Regarding the studies that found a positive relationship between HDI and renewable energy, previous papers have mainly studied the effect of energy consumption on economic growth, with an emphasis on HDI. Most papers look at hydroelectricity production in developing countries. In the case of India and Pakistan, a cross-country analysis was conducted. Gaussian Mixture Models (GMM) were used to predict estimators (Komal and Abbas 2015). Variables were measured accordingly: energy consumption in kilotons, urbanization as a percentage of total population, trade openness as a percentage of GDP, and human capital measured by years of secondary enrollment (one of the components of HDI). Results prove a positive and significant impact from growth and urbanization as an indicator of HDI development on renewable energy growth.

Additionally, (Siraj et al. 2022) used the income index to measure GDP per capita. Each HDI component was calculated separately in each of the 10 electrified villages. The author measured differences in HDI by comparing villages with small hydropower projects and villages with none. Gender is used as a dummy variable in the model. While the study focused on socio-economic factors, results prove that there are major improvements in Pakistan’s HDI being a developing country. The improvement in HDI was not significant but hydropower plants have increased it from 0.412 to 0.459. Thus, Pakistan had surpassed its steady state of human development. Therefore, there is a positive impact of very small hydroelectricity projects on HDI, especially in rural areas. Additionally, research was carried out to investigate the nexus between hydropower use and urbanization in China and Brazil.

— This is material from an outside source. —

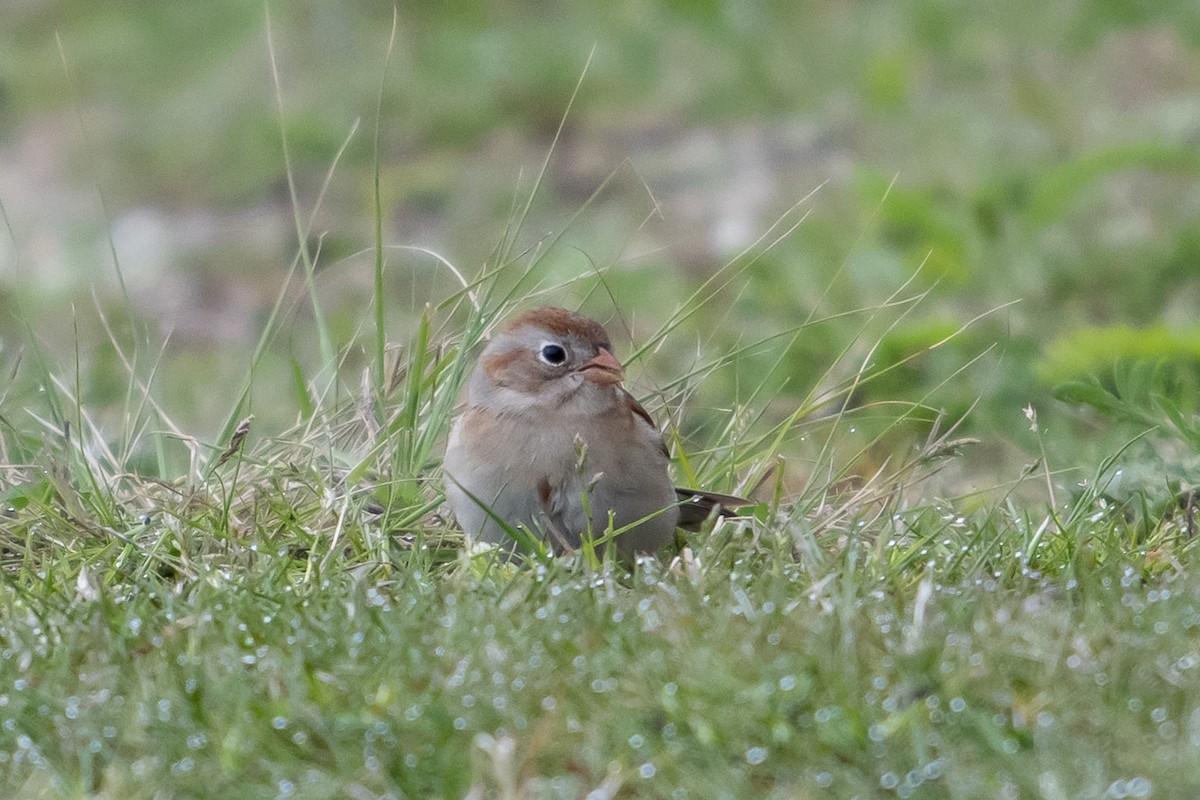 Field Sparrow - ML617625618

(Tiwari et al. 2022) analyzed the impact of this relationship with regard to carbon-dioxide emissions. Moreover, the study stated a heterogeneous distribution of renewable energy among both countries. A Quantile auto regression distributed lag (QARDL) was used to integrate such a connection between the explanatory variables in a time-series analysis. Additionally, the QARDL’s advantage is it predicts the long-term equilibrium influence of hydroelectric consumption as data does not follow normal distribution. It was proven that urbanization had a positive impact on ecological footprints and hence, increased economic growth. Furthermore (Kazar and Kazar 2014) examined the relationship between renewable energy and HDI in 154 countries in the short run and long run using the Granger causality test. This study concluded that there is a bidirectional relationship between them that ensures the long run relationship and the use of renewable energy more than non-renewable ones.

In studying this relationship in different regions, this relationship was investigated in OECD countries. (Liu et al. 2015) examined 105 OECD countries from high-income countries and emerging economies within it. This study used the elasticity of using energy, electricity consumption per person, and HDI by using panel data analysis methods and concluded that the use of energy, especially renewable ones can accelerate the human development process. In Sub-Saharan countries, this relationship was studied by (Bello 2015) from 1980 to 2010. It depends on some variables, these were renewable energy resources, non-renewable energy resources, economic development, HDI, and GDP growth rates using the cointegration test. Then it concluded that renewable energy can help in promoting socio-economic activities.

Regarding hydroelectricity, a study carried out in Brazil, identified the impact of hydropower plant projects on socio-economic factors (De Faria et al. 2017). Firstly, the paper identified sources of investment in constructing water dams on the Human Development Index including income, education, and public access to electricity and water. The research used an event-study approach, in a panel model, to identify differences between control and treated groups in Brazilian counties across time. The variables used were hydroelectricity measured in megawatts, agricultural GDP, Industrial GDP, percentage of public electricity access, percentage of public water access. Results imply that there is a short-term improvement in employment and energy accessibility, yet there is a long-term negative impact from hydro dams on socioeconomic indicators.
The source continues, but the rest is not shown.